Tuesday, 10 April 2012

Disorder or poor phases?

From: Francis E Reyes
Date: 10 April 2012 16:22

Hi all,

Assume that the diffraction resolution is low (say 3.0A or worse) and the model (a high resolution homologue, from 2A xray data is available) was docked into experimental phases (say 4A or worse) and extended to the 3.0A data using refinement (the high resolution model as a source of restraints). There are some conformational differences between the high resolution model and the target crystal.

The author observes that in the 2fofc map at 3A, most of the model shows reasonable density, but for a stretch of backbone the density is weak.

Is the weakness of the density in this region because of disorder or bad model phases?


Would love people's thoughts on this one,

F


---------------------------------------------
Francis E. Reyes M.Sc.

----------
From: Tim Gruene 


Dear Francis,

the phases calculated from the model affect the whole unit cell hence it
is more likely this is real(-space, local) disorder rather than poor
phases.

Regards,
Tim

P.S.: The author should not look at an 2fofc-map but a
sigma-A-weighted map to reduce model bias.
- --
- --
Dr Tim Gruene

----------
From: Dale Tronrud
  The phases do have effects all over the unit cell but that does not
prevent them from constructively and destructively interfering with one
another in particular locations.  Some years ago I refined a model of
the bacteriochlorophyll containing protein to a 1.9 A data set when the
sequence of that protein was unknown.  This is primarily a beta sheet
protein and a number of the loops between the strands were disordered.
Later the amino acid sequence was determined and I finished the refinement
after building in these corrections.  The same data set was used, but
a number of the loops had become "ordered".  While the earlier model
(3BCL) had 357 amino acids the final model (4BCL) had 366.

  These nine amino acids didn't become ordered over the intervening
years.  They were just as ordered when I was building w/o a sequence,
it is just that I couldn't see how to build them based on the map's
appearance.

  One possibility is that the density for these residues was weak
and the noise (that was uniform over the entire map) obliterated their
signal where it only obscured the stronger density.  Another possibility
is that the better model had a better match of the low resolution F's
and less intense ripples radiating from the surface of the molecule,
resulting in things "sticking out" being less affected.

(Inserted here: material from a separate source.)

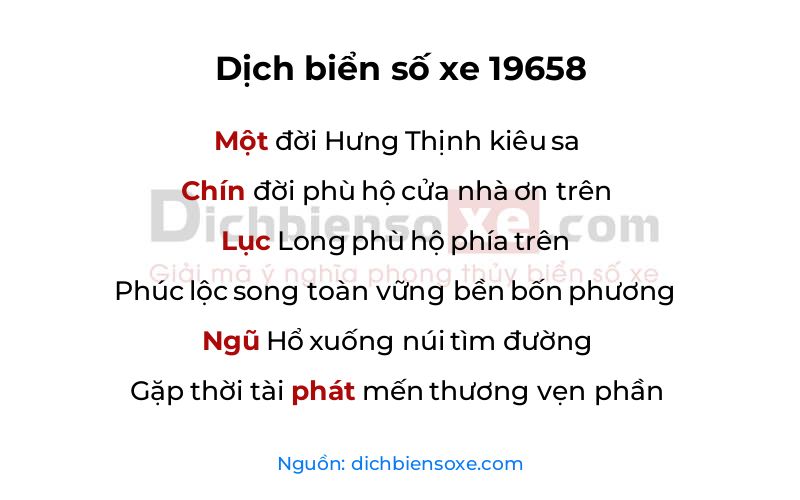 Dịch thơ biển số 19658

  Whatever the details, the density for these amino acids were too
weak to model with the poorer model phases and became buildable with
better phases.  The fact that they could not be seen in the early map
was not an indication that they were "disordered".

  The first six amino acids of this protein have never been seen in
any map, including the 1.3 A resolution model 3EOJ (which by all rights
should have been called 5BCL ;-) ).  These residues appear to be truly
disordered.  Going back to 3BCL - The map for this model is missing
density for a number of residues of which we know some are disordered
and some simply unmodelable because of the low quality of the phases.
I don't know of a way, looking at that map alone, of deciding which
is which.  Because of this observation I don't believe it is supportable
to say "I don't see density for these atoms therefore they must be
disordered."  Additional evidence is required.

Dale Tronrud


----------
From: Francis E Reyes
Dale

Thank you for the case study. I will certainly remember it when I next see:

> "I don't see density for these atoms therefore they must be
> disordered."

You do mention though, that when you were able to assign the sequence to the beta sheets, that the loop regions became clear.

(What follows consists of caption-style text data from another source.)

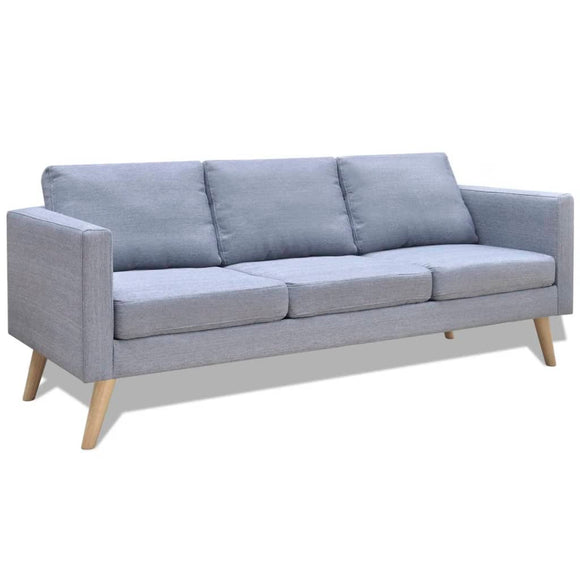 NNEVL Sofa 3-Seater Fabric Light Grey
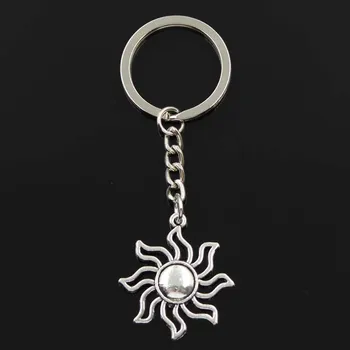 

Fashion Sun Sunburst 34x30mm Pendant 30mm Key Ring Metal Chain Silver Color Men Car Gift Souvenirs Keychain Dropshipping
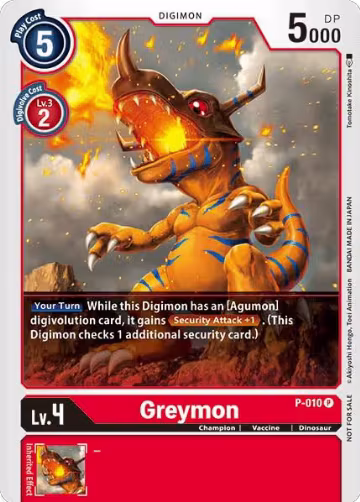 Greymon - P-010 (P-010 P), Digimon Promotion Cards — Digimon card price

I consider the case (which a majority of cases seem to be), where the author has built and sequence assigned 95% of the ASU, but is unable to model a loop region. One possibility is that the loop is truly disordered (95% of the ASU is built and is presumably right), the other possibility is that there's an inherent error in the existing structure that is affecting the interpretation of the loop region. The errors are probably extremely subtle and distributed throughout the model (think of the improvements DEN refinement gave for the rerefinement of p97).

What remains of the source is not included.